Tuesday, December 09, 2003

“By killing yourself, intentionally or through unsafe sex, you call yourself worthless and expendable. How can you think of a human being that way? Quit punishing yourself for the bigotry in society. Refuse to help the cause of homophobia. Take care of yourself. Learn to love yourself and protect yourself. See yourself and your partner as worth protecting. Treat safer sex as an act of defiance and gay pride, a statement about your love for yourself, a statement about the value of your life. Treat living each day as a tear in the fabric of bigotry.”

From “Not Worth Dying Over,” an essay in my book Holding Me Together. Copyright 1999 Duane Simolke. Paul Harris quotes that passage in his book From Our Own Lips: The Book of GLBT Quotations. (GLBT stands for gay, lesbian, bisexual, or transgender.)

Dann Hazel used “Reactions to Homophobia,” another of my works from Holding Me Together, as a resource for his book Witness: Gay and Lesbian Clergy Report from the Front.

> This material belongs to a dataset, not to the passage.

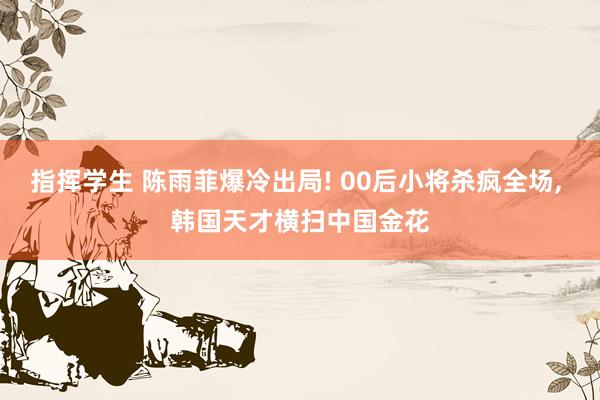 指挥学生 陈雨菲爆冷出局! 00后小将杀疯全场， 韩国天才横扫中国金花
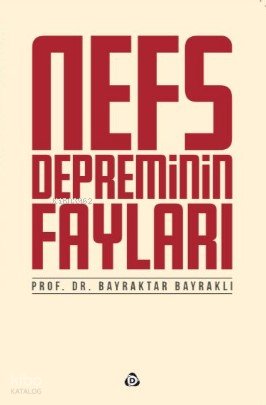 Nefs Depreminin Fayları - Bayraktar Bayraklı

Tuesday, December 02, 2003

Ex-Gay

Book review: Anything but Straight: Unmasking the Scandals and Lies Behind the Ex-Gay Myth by Wayne R. Besen

Despite years of hearing, reading, and writing about this topic, I can’t think of a better ex-gay resource than Wayne R. Besen’s book Anything but Straight: Unmasking the Scandals and Lies Behind the Ex-Gay Myth. Besen not only gives an accessible and easy-to-follow history of the sham’s path of destruction but also makes it clear why so many gays and nongays choose to believe its obvious lies. He also exposes the many people who profit monetarily, politically, or even sexually from ensnaring more ex-gay followers.

Still, Besen also shows how most of the people who become involved with or lead these ministries probably mean well. More importantly, he shows how gays and their allies can expose these hurtful groups, which rely heavily on wild semantics, shaky statistics, pseudo psychology, and highly questionable science, all the while trying to appear Bible-based.

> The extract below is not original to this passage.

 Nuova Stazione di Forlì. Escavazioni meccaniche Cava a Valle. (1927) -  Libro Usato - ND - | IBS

Besen also shows how gays can make their communities less vulnerable to ex-gay groups, while warning those communities about insidious new tactics that the increasingly media-savvy ex-gay leaders use to lure parents into forcing children to join the ex-gay circus. For groups that keep claiming that all of their members come there voluntarily, they certainly keep taking advantage of parental pressuring and other fears of rejection!

Best of all, Besen offers resources and alternatives for people who might want to join these groups. He even defends, to my satisfaction, his undercover efforts to capture all of the information that appears in this sometimes shocking but always fascinating volume. I suggest Besen’s study for all gays, all of their allies, and anyone who thinks the ex-gay movement needs support or more recruits.

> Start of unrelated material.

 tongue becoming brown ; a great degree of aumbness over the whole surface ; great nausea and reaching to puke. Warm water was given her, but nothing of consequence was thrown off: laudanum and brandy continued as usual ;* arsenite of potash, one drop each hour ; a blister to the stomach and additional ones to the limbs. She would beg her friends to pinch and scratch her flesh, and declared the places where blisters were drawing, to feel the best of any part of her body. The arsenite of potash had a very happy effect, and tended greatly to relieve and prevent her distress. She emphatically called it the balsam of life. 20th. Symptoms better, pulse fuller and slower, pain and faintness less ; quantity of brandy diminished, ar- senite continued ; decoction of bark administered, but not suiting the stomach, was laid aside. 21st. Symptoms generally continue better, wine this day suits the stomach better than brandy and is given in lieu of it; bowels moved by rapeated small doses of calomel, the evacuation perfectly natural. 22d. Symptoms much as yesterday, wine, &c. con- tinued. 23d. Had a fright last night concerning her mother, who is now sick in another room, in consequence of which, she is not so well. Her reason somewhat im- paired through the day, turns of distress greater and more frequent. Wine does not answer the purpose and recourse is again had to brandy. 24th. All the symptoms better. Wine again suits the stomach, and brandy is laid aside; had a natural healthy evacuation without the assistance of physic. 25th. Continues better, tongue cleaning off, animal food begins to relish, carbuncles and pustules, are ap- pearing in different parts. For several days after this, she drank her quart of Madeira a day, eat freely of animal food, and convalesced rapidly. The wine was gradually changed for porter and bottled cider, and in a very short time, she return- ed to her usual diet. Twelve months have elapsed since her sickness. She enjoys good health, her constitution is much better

I wrote about the ex-gay movement and various other gay-related topics extensively in works that appear in my collection Holding Me Together: Essays and Poems. I use a fictional character to explore ex-gay issues in “Mirrors: A Blackmail Letter,” a story that appears in my book The Acorn Stories; that character reappears in “Fat Diary,” a more light-hearted story I wrote for an anthology, The Acorn Gathering.

I also suggest Ronald L. Donaghe’s scathing fictional treatment of the ex-gay movement, The Salvation Mongers, as well as the disturbing documentary One Nation Under God and—for some needed levity on the topic—the silly yet likable comedy But I’m A Cheerleader.